Why is it important to eat a variety of iron-rich foods regularly?
-Eating a variety of iron-rich foods regularly is important to ensure a diverse intake of nutrients and to avoid limiting the body's access to essential iron.
What types of foods are typically rich in iron?
-Foods rich in iron include meats, seafood, beans, lentils, grains, nuts, seeds, and some fruits and vegetables.
What is the difference between heme iron and non-heme iron?
-Heme iron is found in animal foods and is generally better absorbed, while non-heme iron is found in both plant and animal foods and is slightly harder to absorb.
How can vitamin C help with iron absorption?

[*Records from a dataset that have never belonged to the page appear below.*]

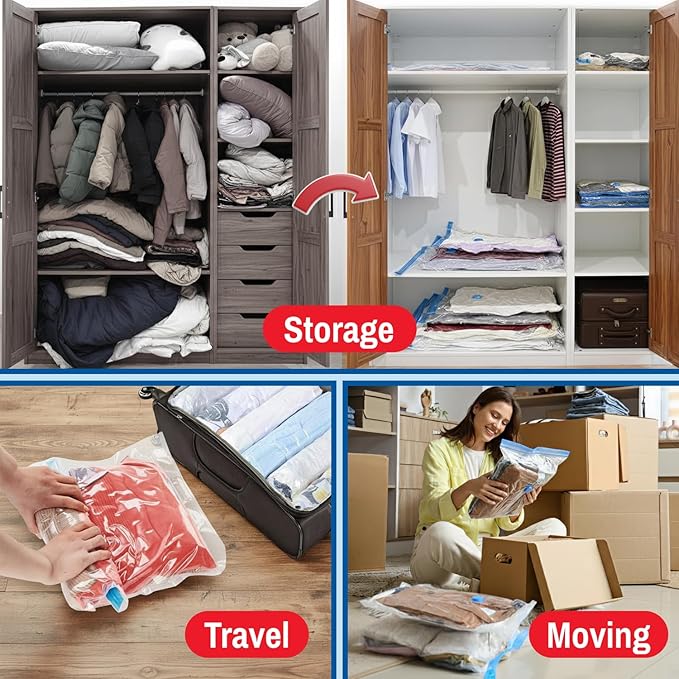 6 Pack Small Vacuum Storage Bags for Comforters, Blankets & Clothes – Vacuum Sealed Compression Bags with Hand Pump – Space Saver Storage Bags for Bedding, Moving, Travel & Organization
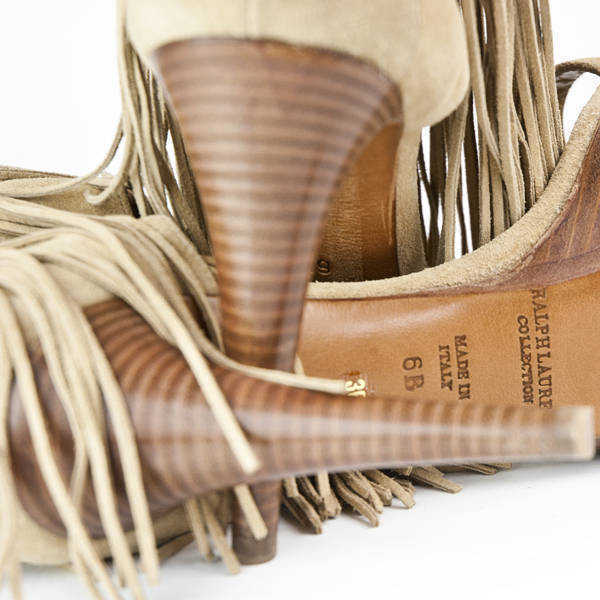 Sandales Femmes Talons Fins à Franges - Daim Synthétique, Ceinture Fine, Neuves Avec Boîte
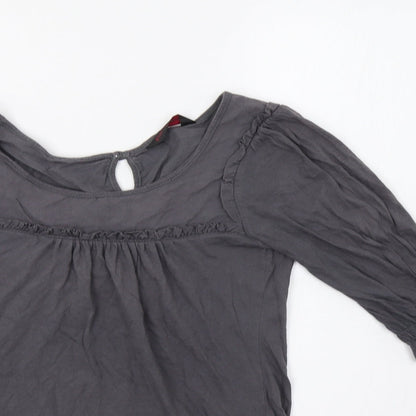 Womens UK Size 8 Miss Selfridge Grey Basic Blouse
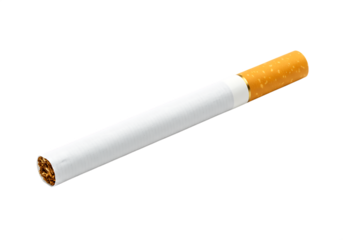Single cigarette Isolated on transparent background depicting smoking addiction hazards
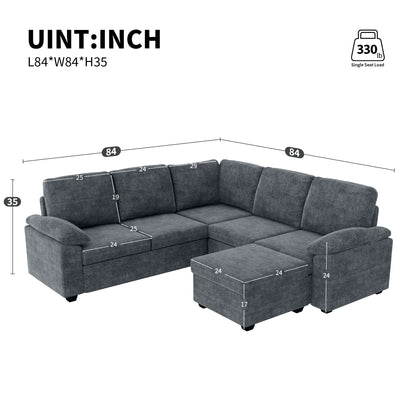 Modern L-Shape Velvet Sectional Sofa, Corner Couch with Ottoman, Grey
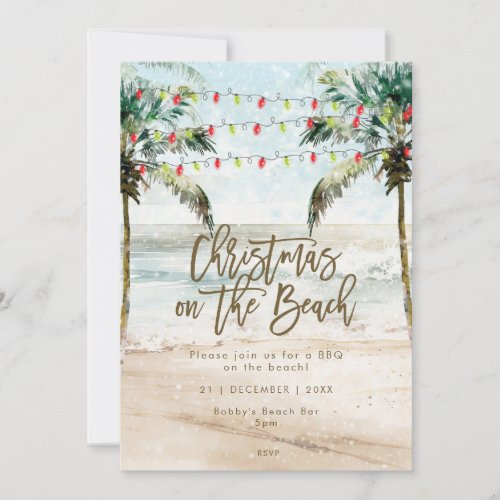 Christmas at the beach party invitation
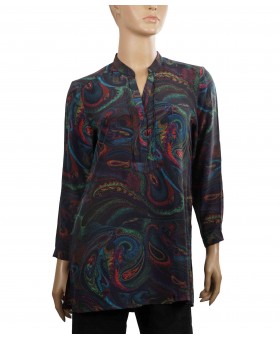 Long Silk Shirt - Colorful Dotted Paisley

-Vitamin C can boost iron absorption by pairing iron-rich foods with vitamin C rich foods, which enhances the body's ability to absorb non-heme iron.
Why should you avoid consuming coffee and tea with meals if you're trying to increase iron levels?
-Coffee and tea contain compounds like caffeine, tannins, and polyphenols that can inhibit iron absorption, with one study showing a 60% reduction in iron absorption from a meal with just one cup of black tea.
What is the impact of calcium supplements on iron absorption?
-Calcium makes it harder to absorb iron, so it's recommended to take calcium supplements separately from iron-rich meals to avoid interference.
Why should over-the-counter antacids be avoided when trying to increase iron levels?
-Over-the-counter antacids reduce stomach acid, which is crucial for digesting food and absorbing iron. Low stomach acid levels can make it difficult to absorb iron effectively.
How can cooking with non-enameled cast iron cookware potentially increase iron intake?
-Cooking acidic, moist foods for a long time in new cast iron cookware can leach iron from the cookware into the food, providing an additional source of iron.
What should you do if you've tried all the tips in the video and your iron levels are still not improving?
-If iron levels are not improving despite following the tips and taking prescribed supplements, it's important to consult a doctor to explore underlying causes such as celiac disease, Crohn's disease, or heavy menstrual bleeding.
Why is it particularly important for women of childbearing age who are planning to get pregnant to check their iron levels?
-It's important because many women experience iron deficiency anemia during pregnancy. Knowing and improving iron levels before getting pregnant can help prevent complications.